═════ Extracted information ═════

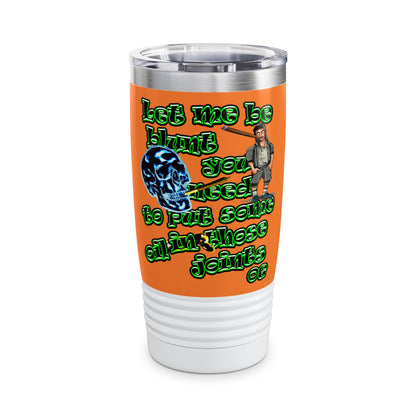 og - Ringneck Tumbler, 20oz (crusta)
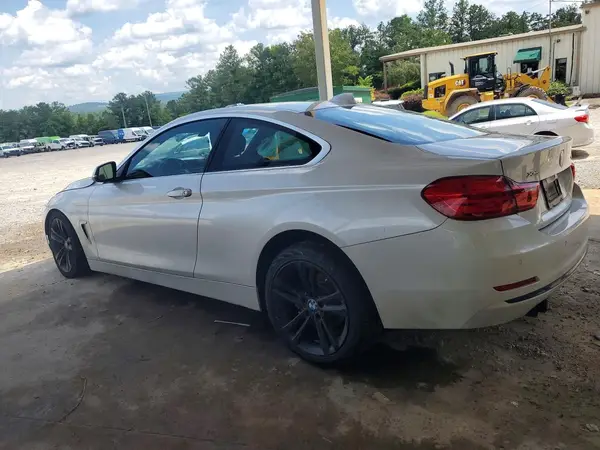 WBA3N9C51GK248540 2016 BMW 4ER - Image 2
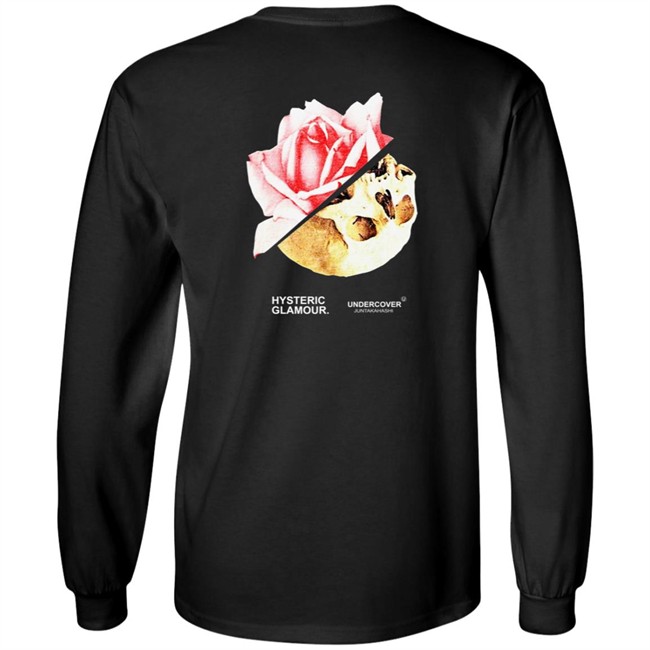 Undercover You Mother Flower Shirt Undercover You Mother Flower Shirt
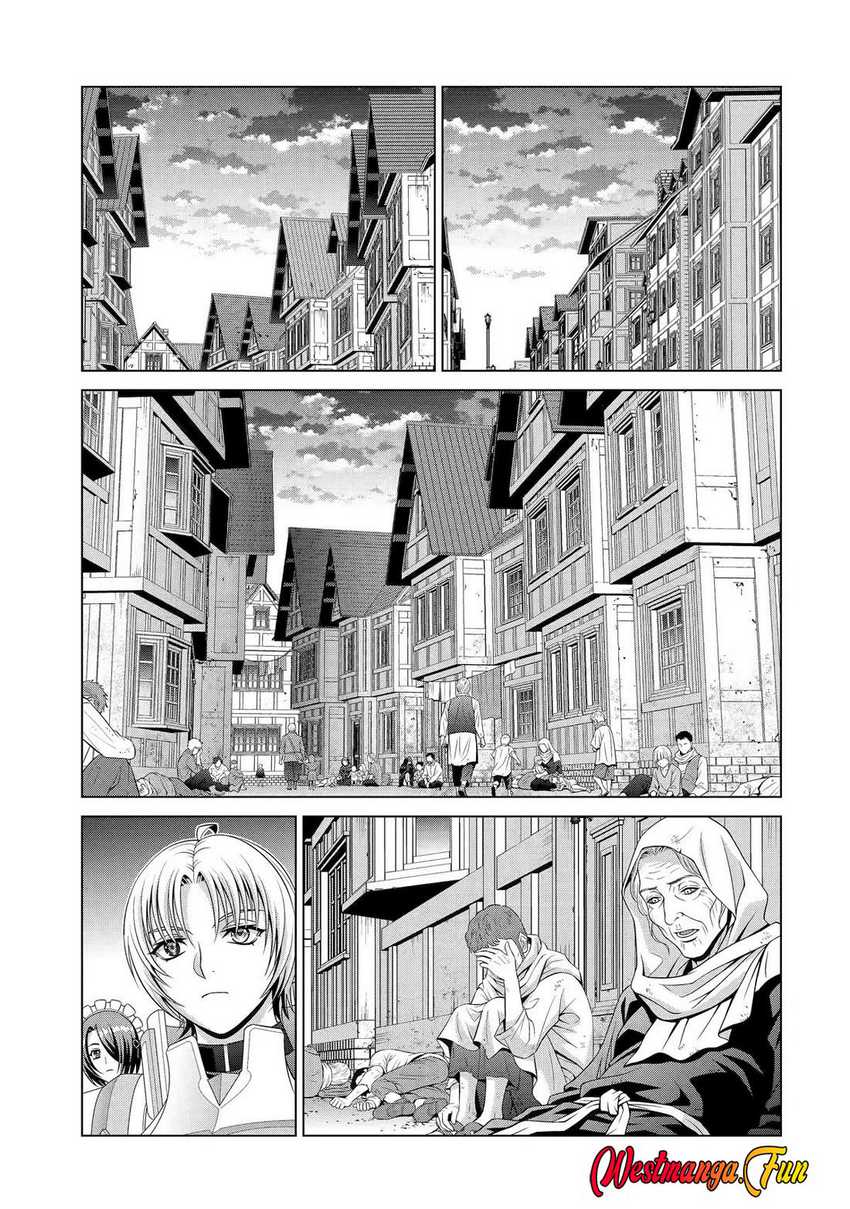Kizoku Tensei: Megumareta Umare kara Saikyou no Chikara wo Eru chapter 33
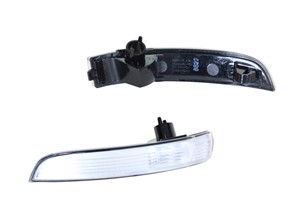 Vilkkuvalo, Ulkopeili, Vasen, FORD ECOSPORT, KUGA II, KUGA VAN II, 1 806 306, 1806306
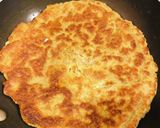 ヴィーガン オートミールパンケーキ♡美食作り方1写真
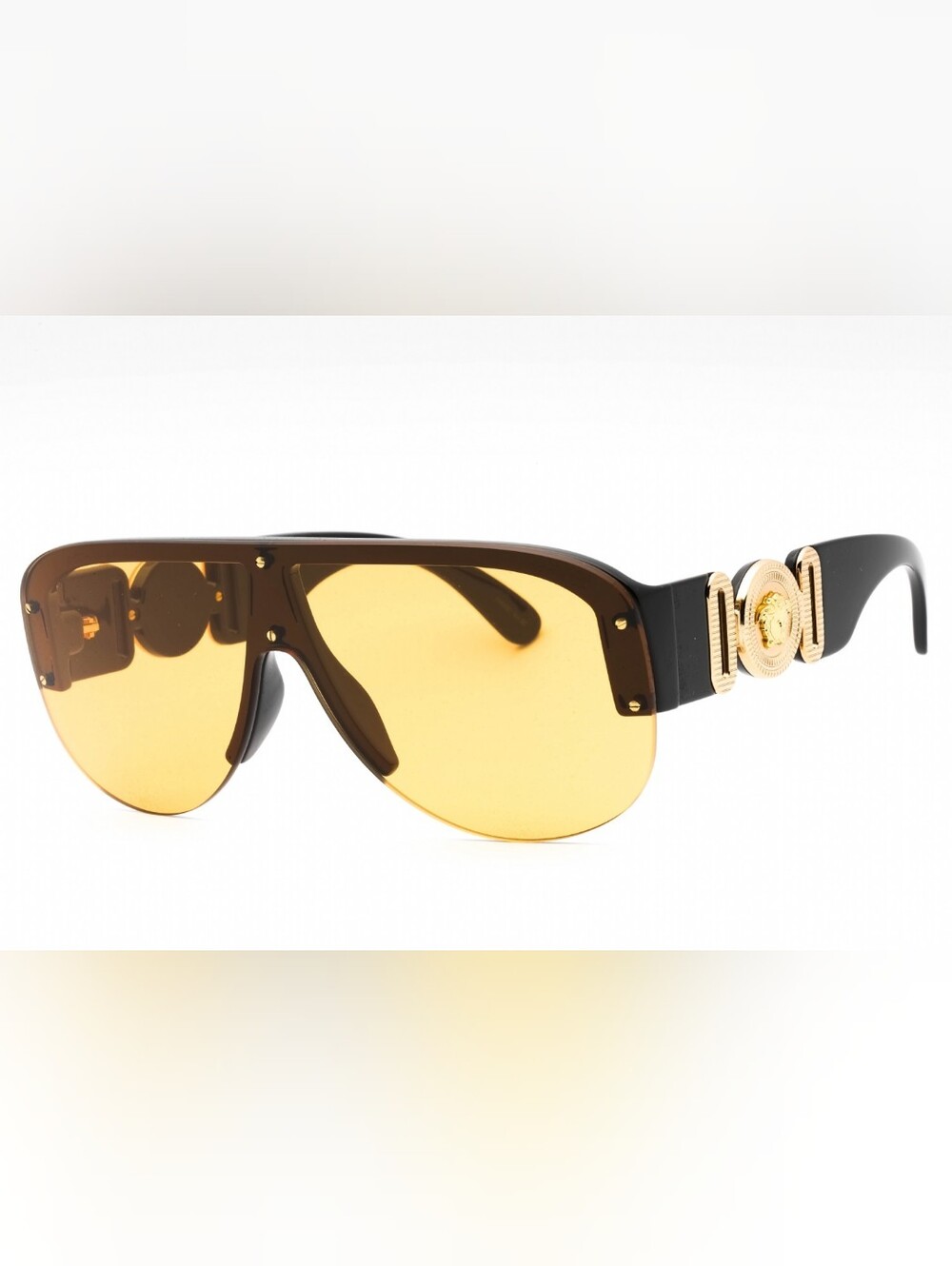 Versace 0VE4391, Men's Sunglasses, Size: 148X1X140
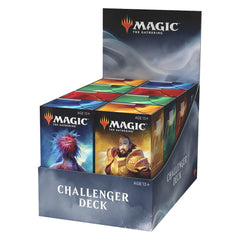 Challenger Deck 2019 - Display | Local Legends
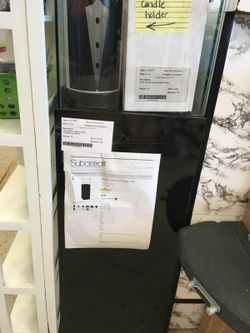 Memorabilia Display Cabinet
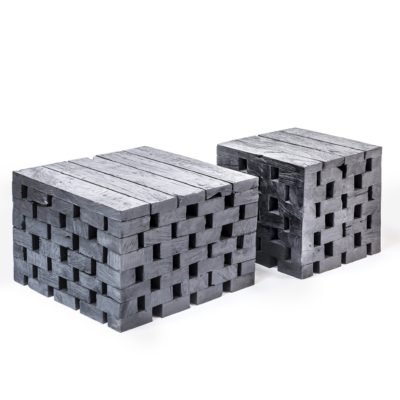 Coffee Table Puzzle Black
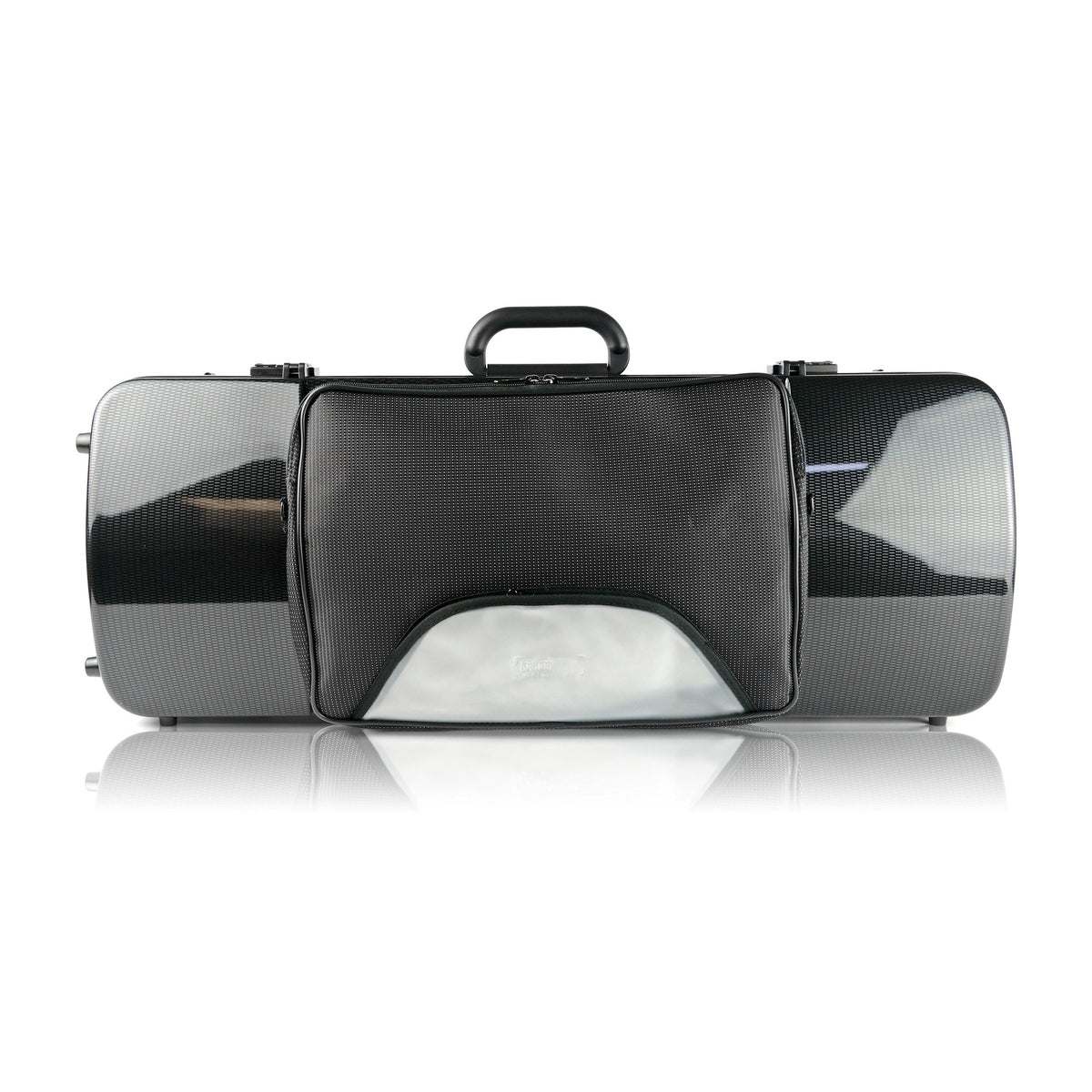 BAM 2202XL Hightech Oblong Viola Etui mit Tasche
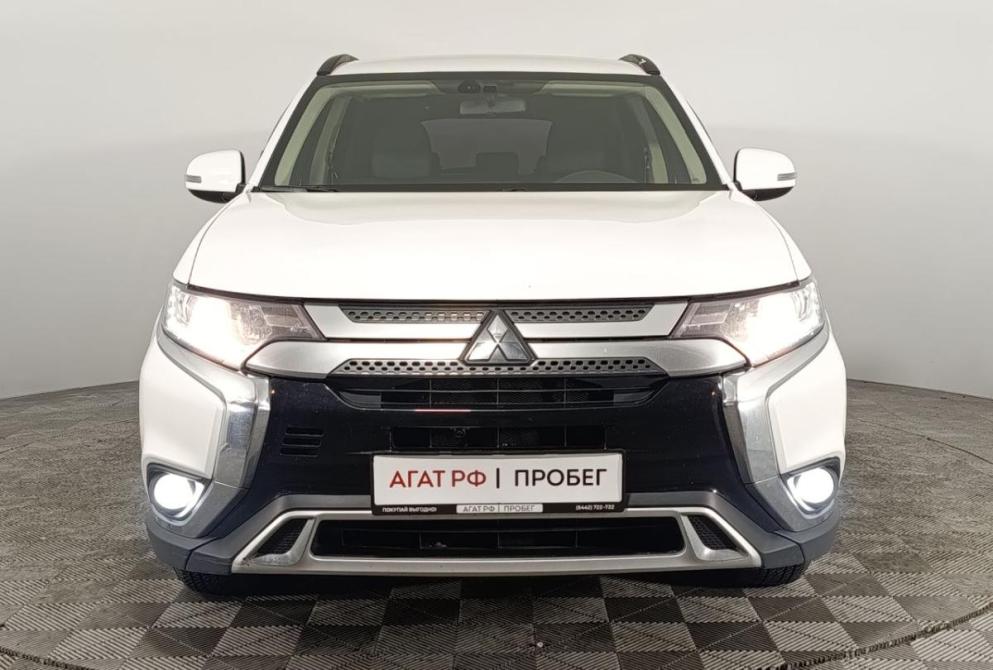 Mitsubishi Outlander III Рестайлинг 3 Волгоград  - изображение 2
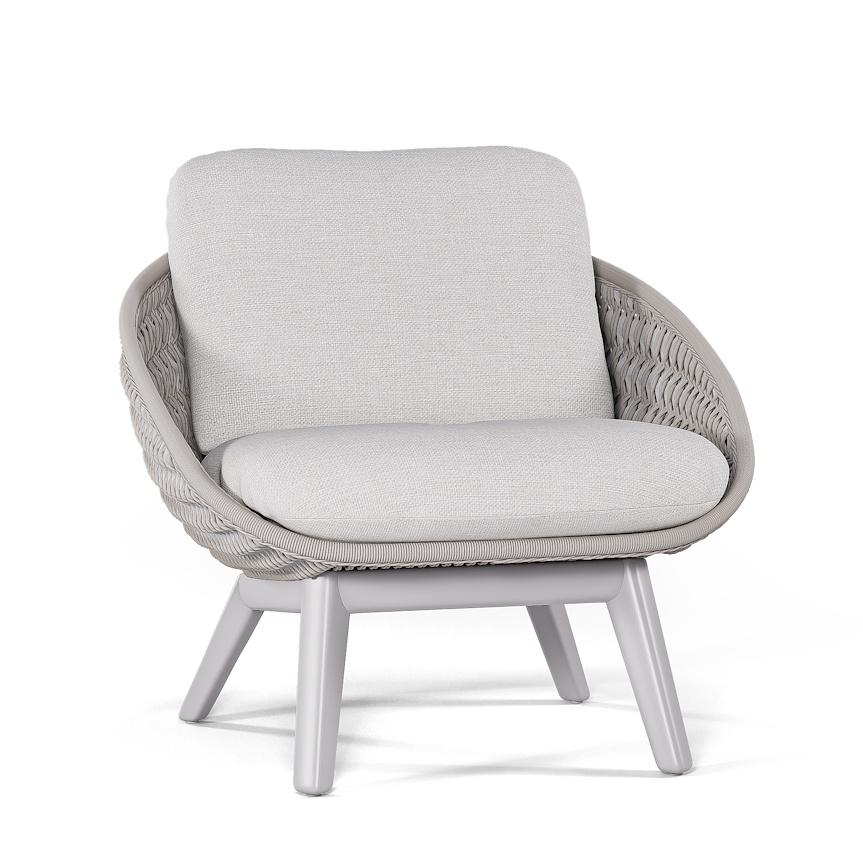 Manutti Sandua Alu Garden Lounge Chair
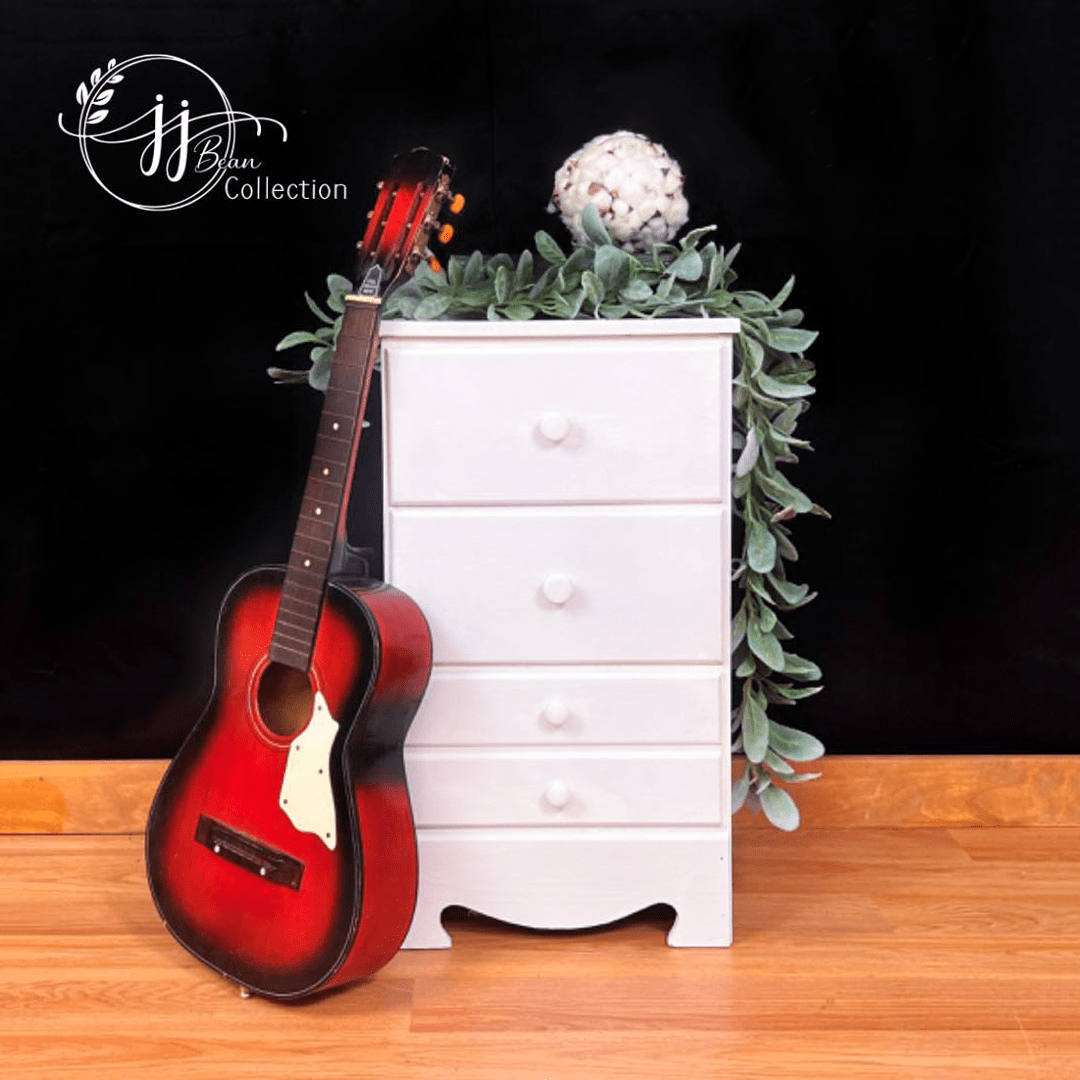 Eye Love Hue LLC Vinny's Song- JJ Bean Collection Acrylic Mineral Paint Chalk Paint Clay Paint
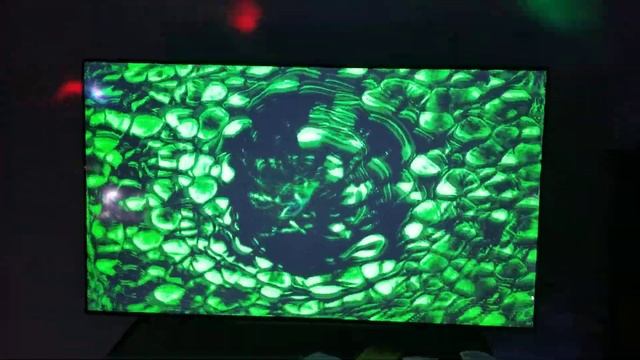 New 65" UHD Monitor Replaces FHD LED Projector смотреть онлайн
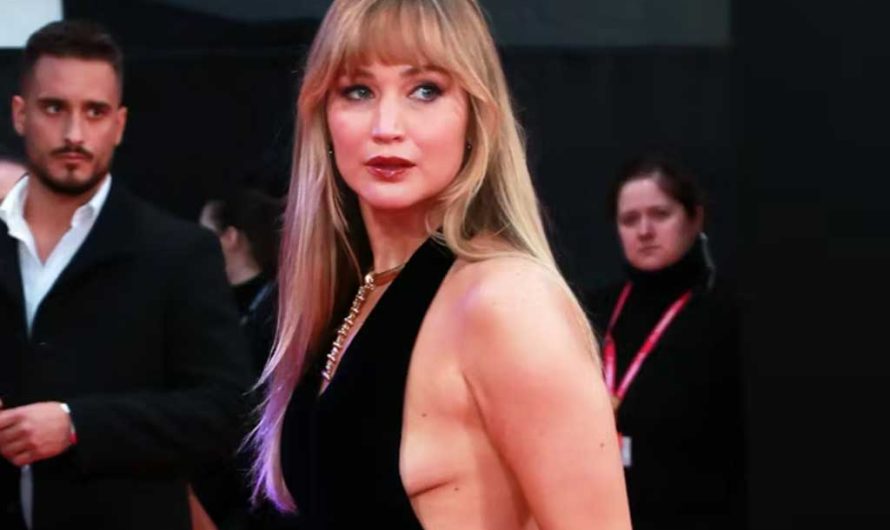 Откровения Дженнифер Лоуренс об «особых» последствиях отказа мужчинам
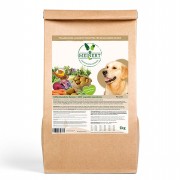 LebensVreude NICHT BIO - 1kg Hund Trockenfutter Meinert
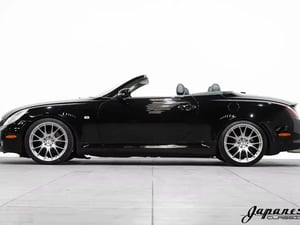2001 Z40 Toyota Soarer — photo 4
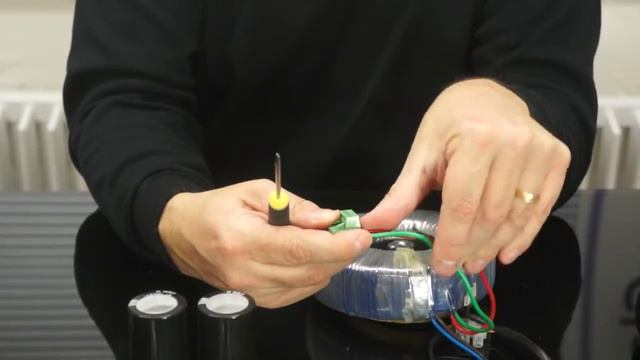 NewClassD PSU Assembly смотреть онлайн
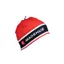 Madshus Race Beanie in Black/Red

═════

**Instructions to follow:** Copy exactly and only this span: the line with "Eye Love Hue" through the final line of the entries, both ends included, with the pictures left out.

**Answer space:**
 Eye Love Hue LLC Vinny's Song- JJ Bean Collection Acrylic Mineral Paint Chalk Paint Clay Paint
 New 65" UHD Monitor Replaces FHD LED Projector смотреть онлайн
 Откровения Дженнифер Лоуренс об «особых» последствиях отказа мужчинам
 LebensVreude NICHT BIO - 1kg Hund Trockenfutter Meinert
2001 Z40 Toyota Soarer — photo 4
 NewClassD PSU Assembly смотреть онлайн
 Madshus Race Beanie in Black/Red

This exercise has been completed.